Maintenant seulement, des milieux ouvriers de plus en plus importants commencent à apprécier la vaillance de l’avant-garde communiste qui engagea la lutte, pour la défense des intérêts prolétariens, à une époque où les grandes masses demeuraient encore indifférentes, voire hostiles, au communisme.

Les ouvriers comprennent de plus en plus que les communistes ont réellement défendu, souvent au prix des plus grands sacrifices et dans les circonstances les plus pénibles, les intérêts économiques et politiques des travailleurs. De nouveau, le respect et la confiance vont à l’avant-garde intransigeante que constituent les communistes ; reconnaissant enfin la vanité des espérances réformistes, les travailleurs les plus arriérés se convainquent qu’il n’est, contre la spoliation capitaliste, de salut que dans la lutte.

4.

Les Partis Communistes peuvent et doivent recueillir maintenant le fruit des luttes qu’ils ont naguère soutenues dans les circonstances les plus défavorables au milieu de l’indifférence des masses.

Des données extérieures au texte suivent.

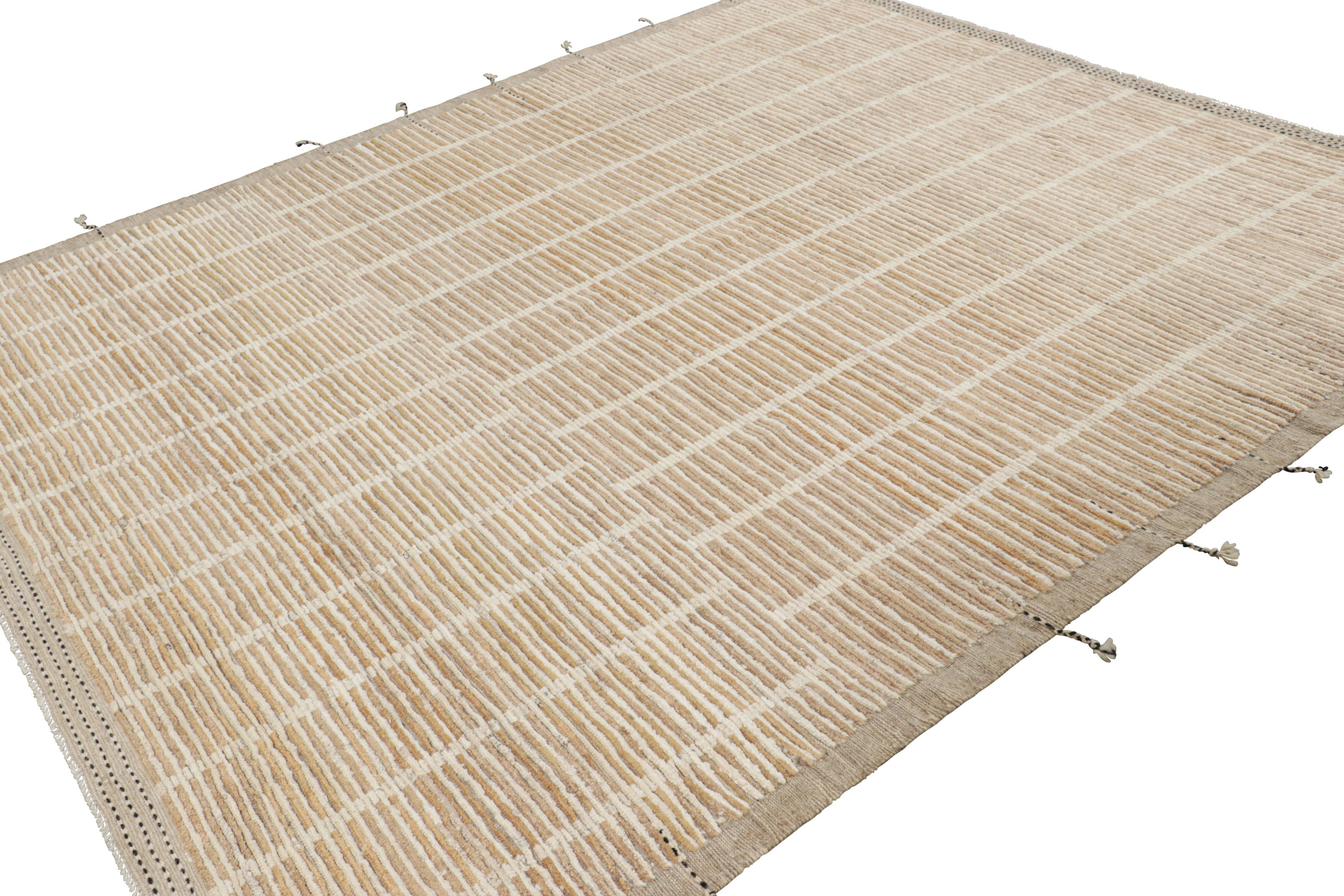 Kilim texturizado de Rug & Kilim en rayas beige y crema y motivos geométricos Tejido a mano en venta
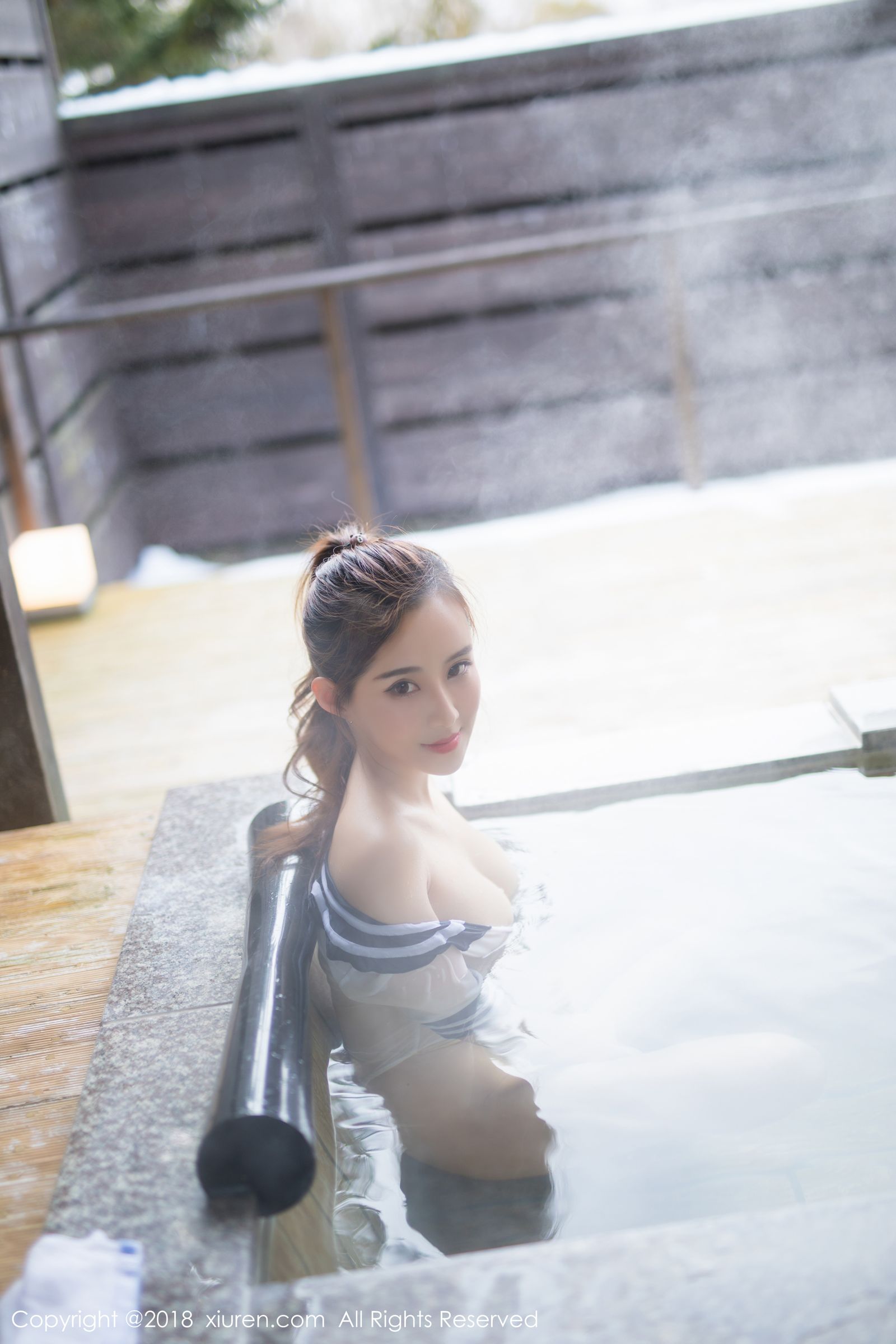 丽质美女猫宝 水手服温泉湿身
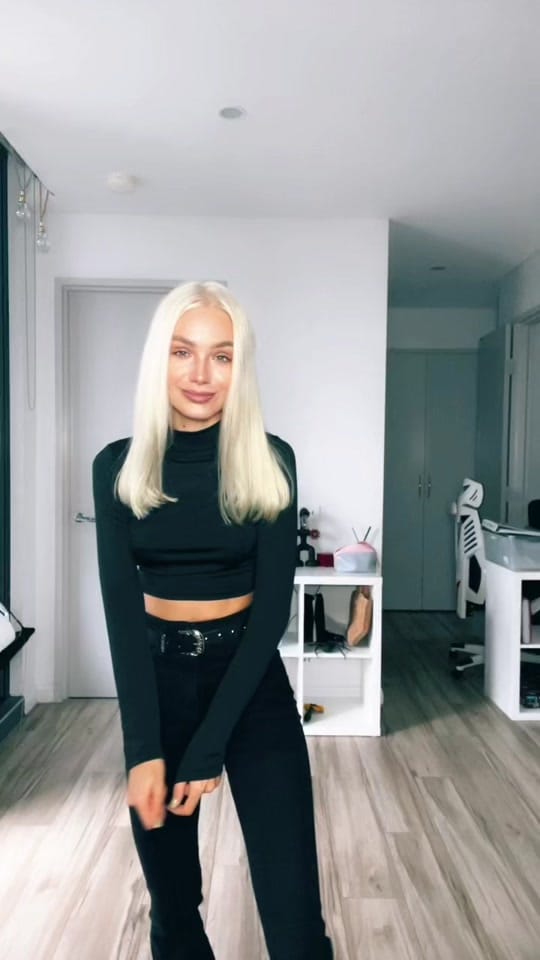 Post 5 by Anna | Life Abroad 🇦🇺 on TikTok (video)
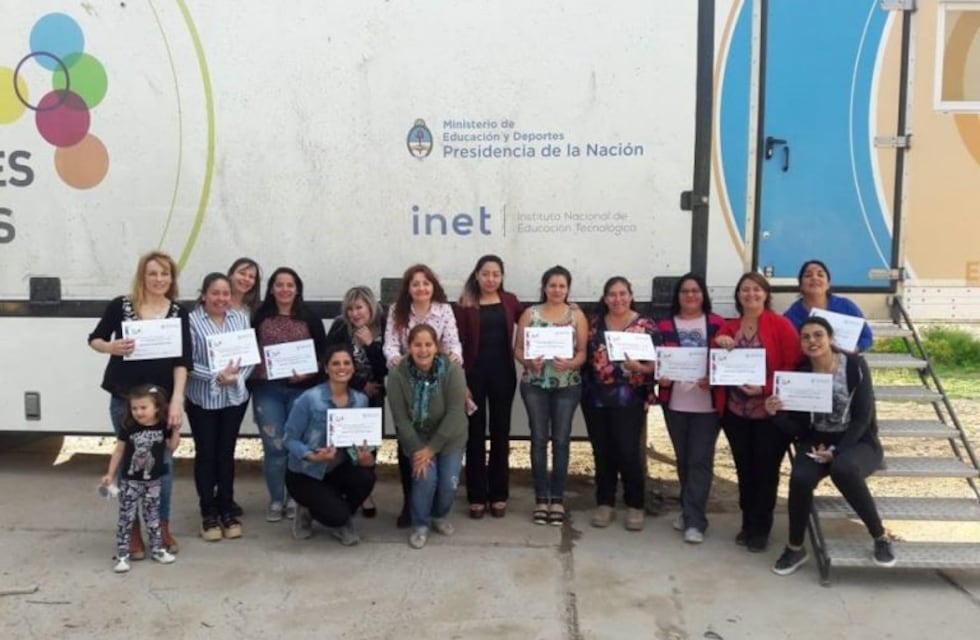 Lago Posadas: finalizó el taller textil e indumentaria que se realizó en Aula Móvil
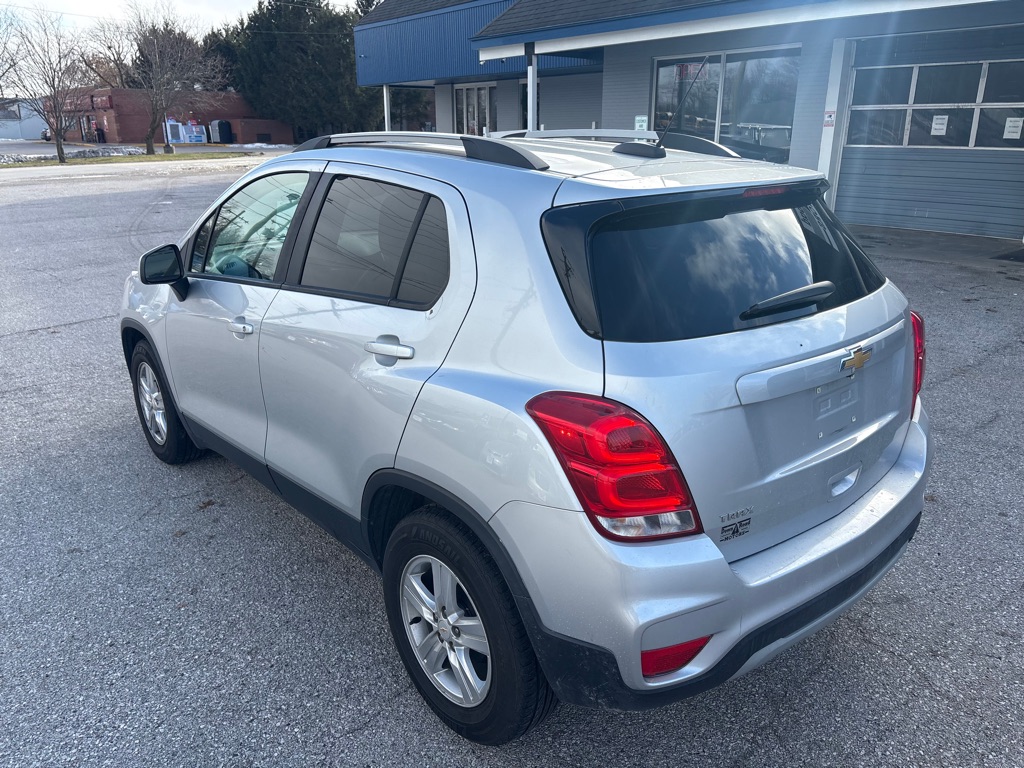 Photo 6 of this CHEVROLET TRAX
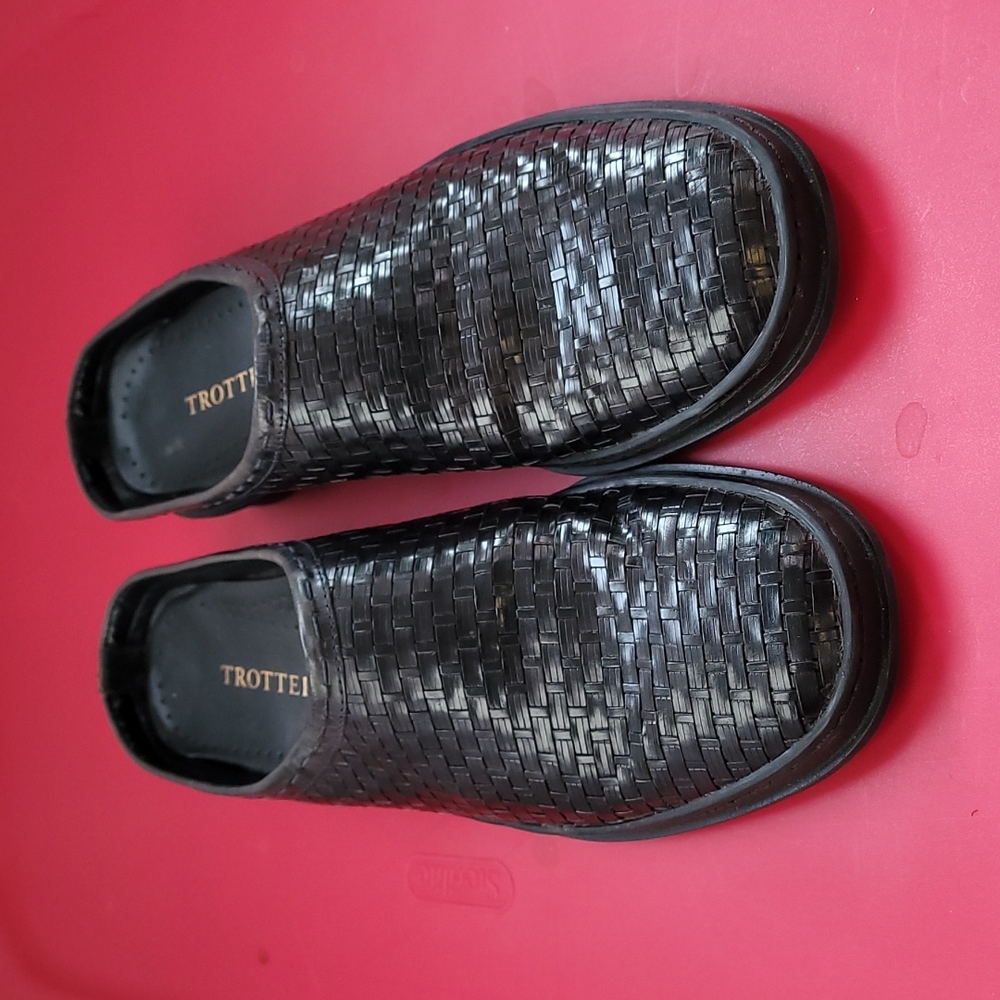 Trotters basket weave slides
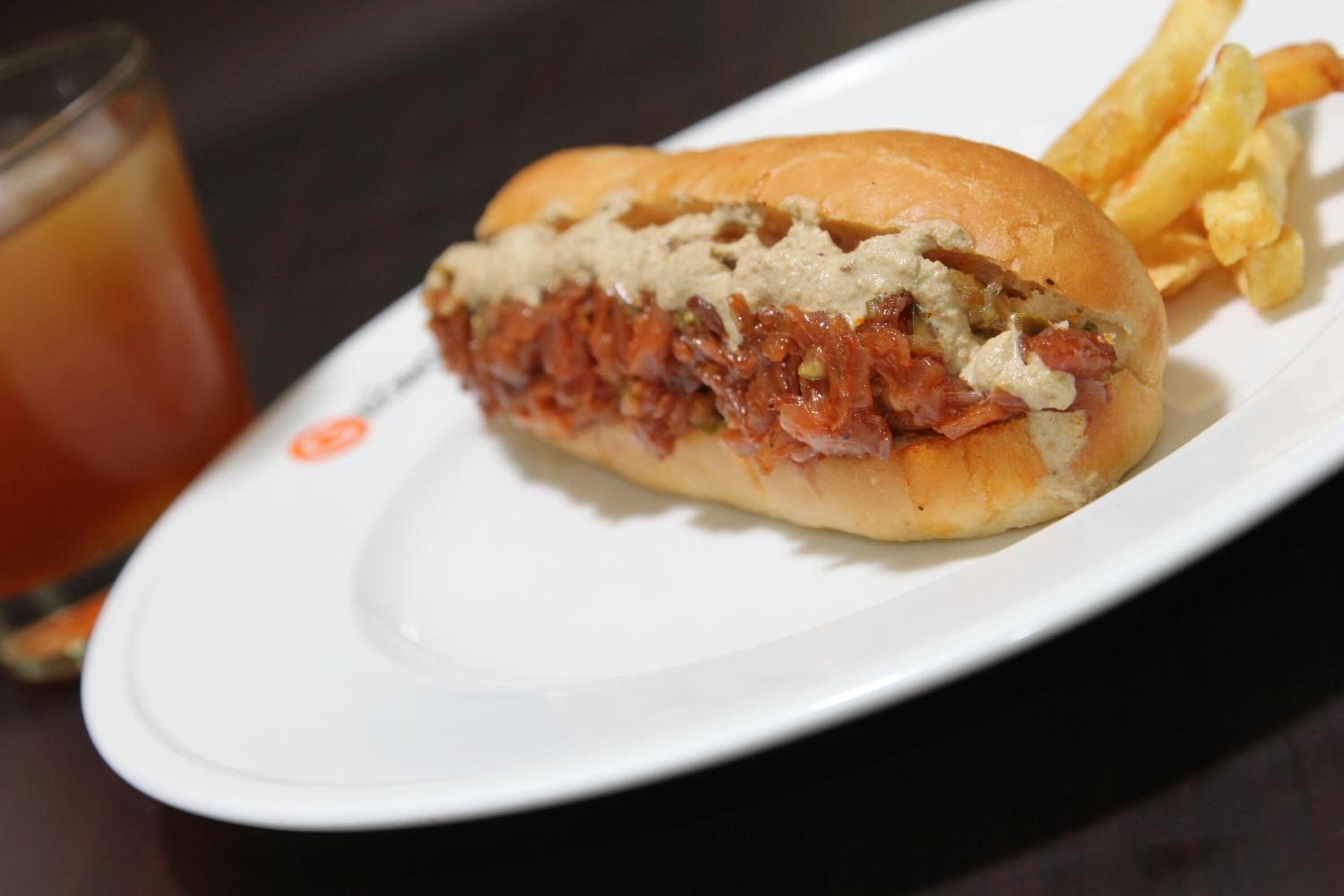 breakfast, lunch, dinner served; american cuisine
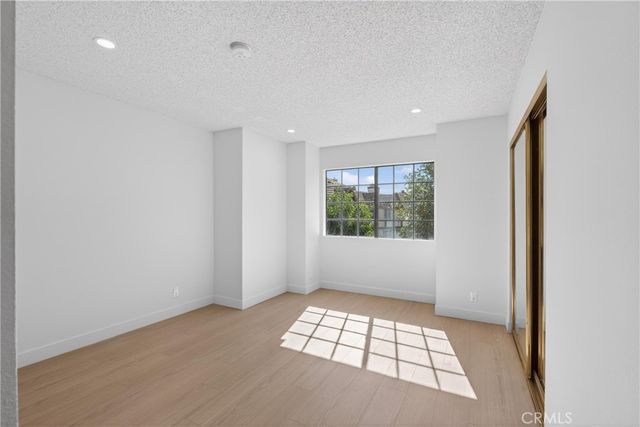 9325 Sunland Park Drive 2, Sun Valley, CA 91352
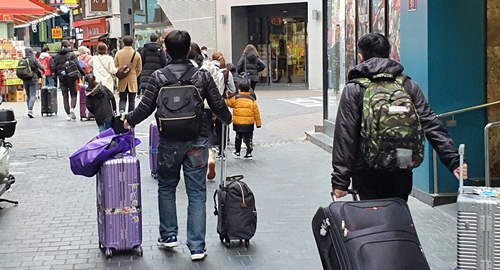 공항 세관에 걸린 마스크 사재기...판매약국에 '불똥'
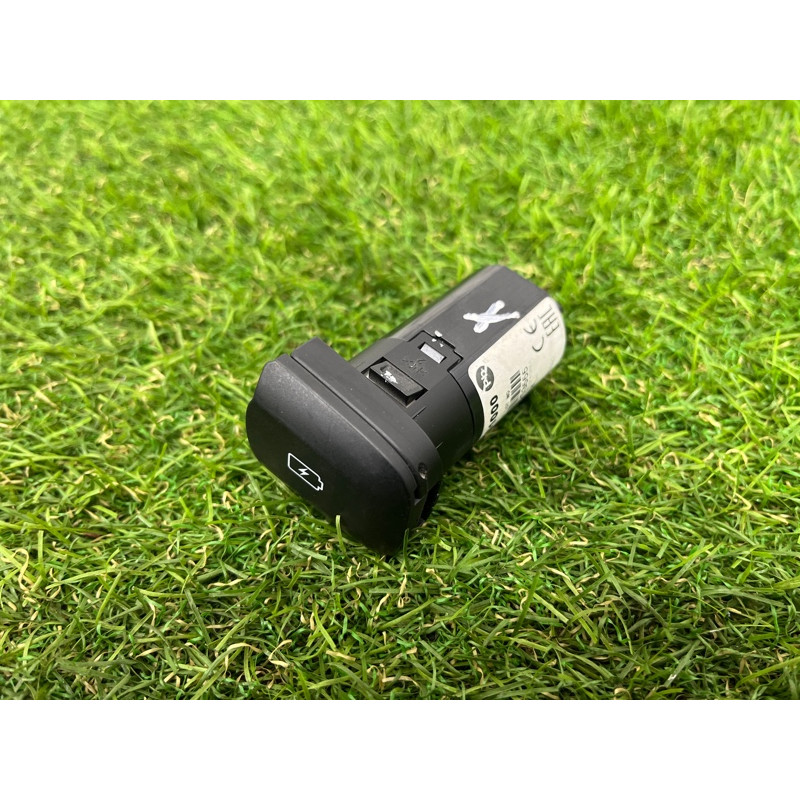 USB роз'єм (електрика) Hyundai Santa Fe TM 2019 2.4GDI 96125S1000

Mais, portés par une confiance croissante vers les éléments les plus irréductibles, les plus combatifs de leur classe – vers les communistes – les travailleurs témoignent plus que jamais d’un irrésistible désir d’unité. Eveillées désormais à une vie plus active, les couches les moins expérimentées de la classe ouvrière rêvent de la fusion de tous les partis ouvriers, sinon de toutes les organisations prolétariennes.

Elles espèrent accroître ainsi leur capacité de résistance à la poussée capitaliste. Des ouvriers qui, jusqu’à présent, s’étaient à peu près désintéressés des luttes politiques, veulent vérifier désormais, par leur expérience personnelle, la valeur du programme politique du réformisme. Les ouvriers qui adhèrent aux vieux partis social-démocrates et qui constituent une fraction importante du prolétariat n’admettent plus les campagnes des calomnies des social-démocrates et des centristes contre l’avant-garde communiste ; bien plus, ils commencent à réclamer une entente avec cette dernière. Cependant ils ne sont pas encore complètement émancipés des croyances réformistes, et nombreux sont ceux qui accordent leur appui aux Internationales Socialistes et à celle d’Amsterdam.

Sans doute leurs aspirations ne sont-elles pas toujours nettement formulées, mais il est certain qu’elles tendent impérieusement à la création d’un front prolétarien unique, à la formation, par les partis de la II° Internationale et les syndicats d’Amsterdam alliés aux communistes, d’un bloc puissant contre lequel viendrait se briser l’offensive patronale.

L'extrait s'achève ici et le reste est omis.